Exercise data
----------

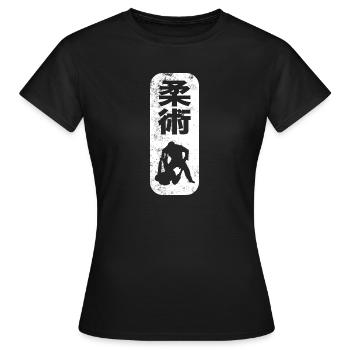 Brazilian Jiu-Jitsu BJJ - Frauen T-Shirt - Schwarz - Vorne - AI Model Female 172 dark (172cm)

----------

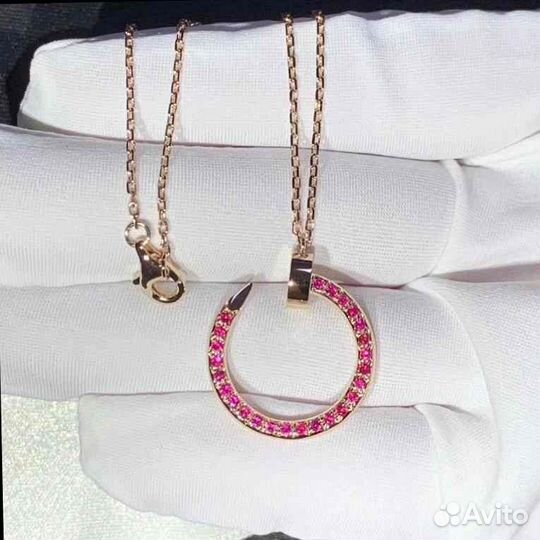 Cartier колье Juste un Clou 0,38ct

----------

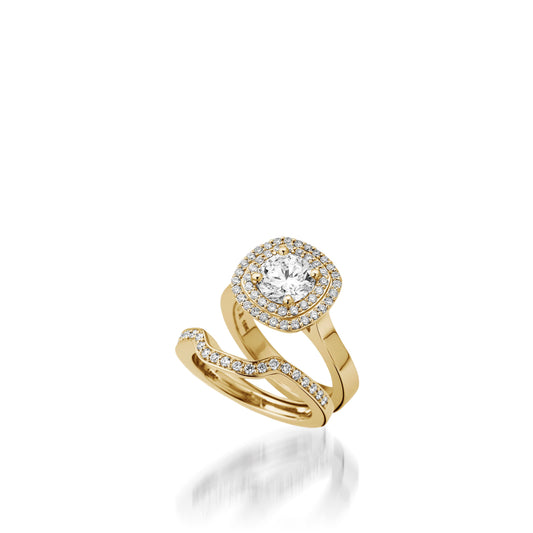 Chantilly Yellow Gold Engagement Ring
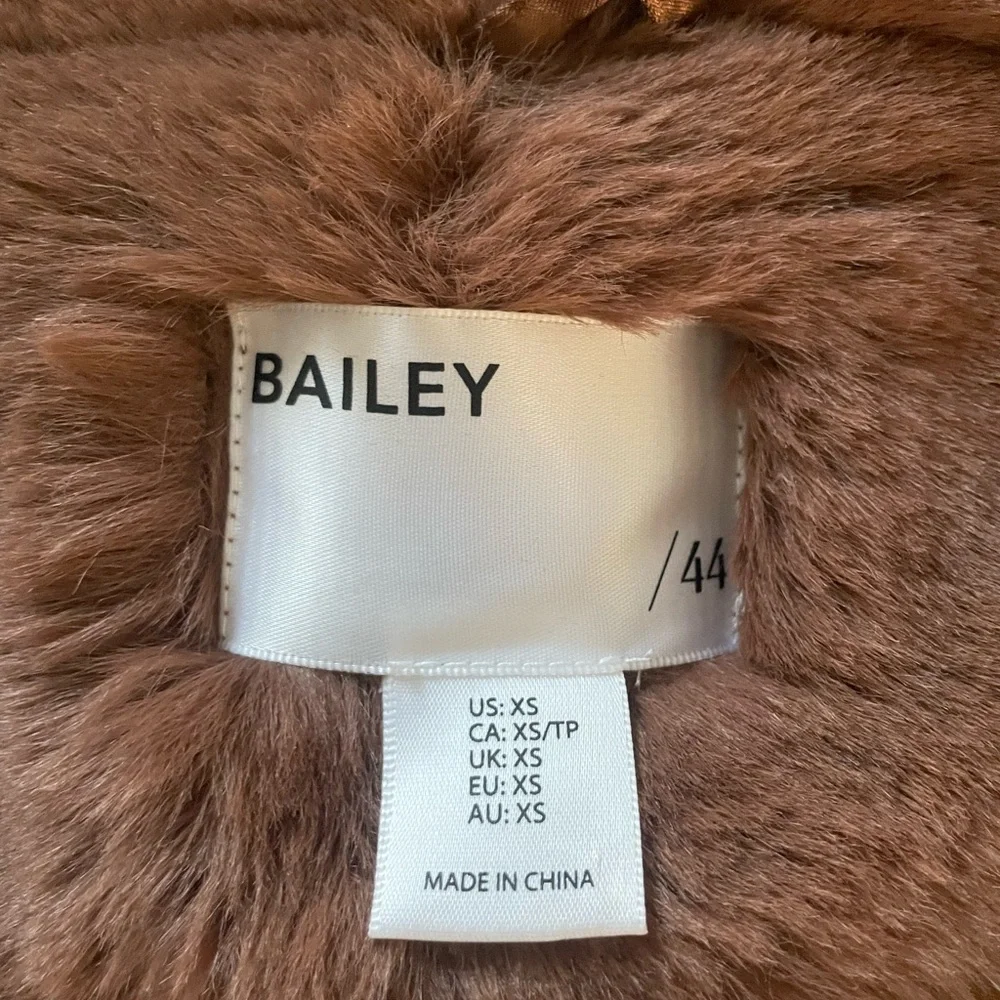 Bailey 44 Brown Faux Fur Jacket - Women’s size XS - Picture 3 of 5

----------

Brief
Reproduce word for word, with pictures dropped, only the part of the material above that opens with the line containing "Chantilly Yellow Gold Engagement Ring" and closes with the line containing "Bailey 44 Brown".

Result for this task
 Chantilly Yellow Gold Engagement Ring
 Bailey 44 Brown Faux Fur Jacket - Women’s size XS - Picture 3 of 5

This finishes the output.